The Civil Rights Issue of Our Time

There are many reasons why America seems to be moving inexorably toward legalizing same-sex marriage. The Sexual Revolution that has swept American society since the 1960s is probably the main explanation. There’s plenty of evidence that Americans, especially Americans below a certain age, accept the Sexual Revolution’s basic premise that sex is a harmless pleasure without much moral content, at least when it does not involve coercion or, sometimes, adultery. Divorce, once seen as a traumatic, though perhaps necessary, last resort for very troubled marriages is no longer regarded as an exceptional event. People speak without irony of “starter marriages;” fewer and fewer people marry at all. And these cultural changes are not limited to the Secular Left. An Evangelical pundit got in trouble recently because, he said, he didn’t realize that being engaged to one woman while simultaneously being married to another was frowned upon in Christian circles.

Given their views about sexuality and marriage, SSM seems to many Americans a non-issue. But there is something else at work, too. Much of the success of the campaign for SSM has to do with supporters’ adoption of the language of civil rights. In our national discourse, the phrase “civil rights issue of our time” immediately suggests SSM; last week’s  NYT editorial  is a good example. As a rhetorical device—-and I don’t mean to suggest that SSM advocates are being insincere—-this is a brilliant strategy. In American politics, a group that can successfully appropriate the language of civil rights is bound to win.

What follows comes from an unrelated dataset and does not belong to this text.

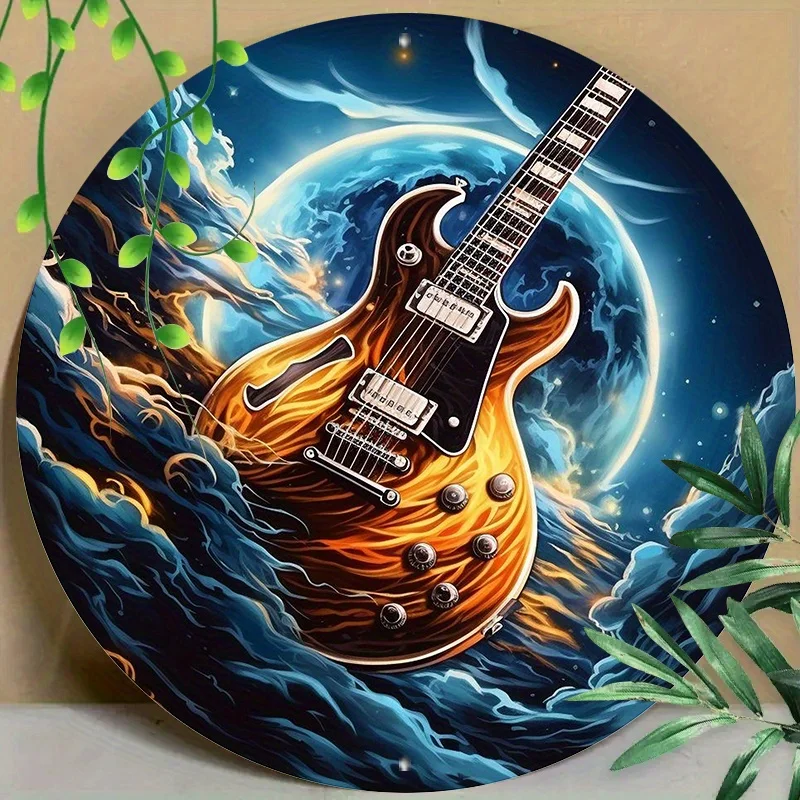 

Round Metal Aluminum Sign, Guitar, Rock, Ice Punk Sign for Home, Living Room, Coffee Shop, Office, Wall Decoration Art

That’s why I was struck recently when I saw that Rick Warren, perhaps the most influential Evangelical pastor in America today,  has adopted this language on behalf of conservative Christians . In an interview about the ACA’s contraception mandate, Warren called religious liberty “the civil rights issue of the next decade.” He was echoing, among others, the Conference of Catholic Bishops, which has also emphasized the civil rights aspect of resistance to the mandate. This is a very shrewd rhetorical move—-and, again, I don’t mean to suggest anyone is being insincere. If religious conservatives are going to prevail on issues like the contraception mandate, they can’t hope to persuade people on the merits of traditional sexual morality, much of which the American public now finds incomprehensible. They will have to persuade people that they represent the advance of civil rights.

Mark Movsesian is Director of the Center for Law and Religion at St. John’s University.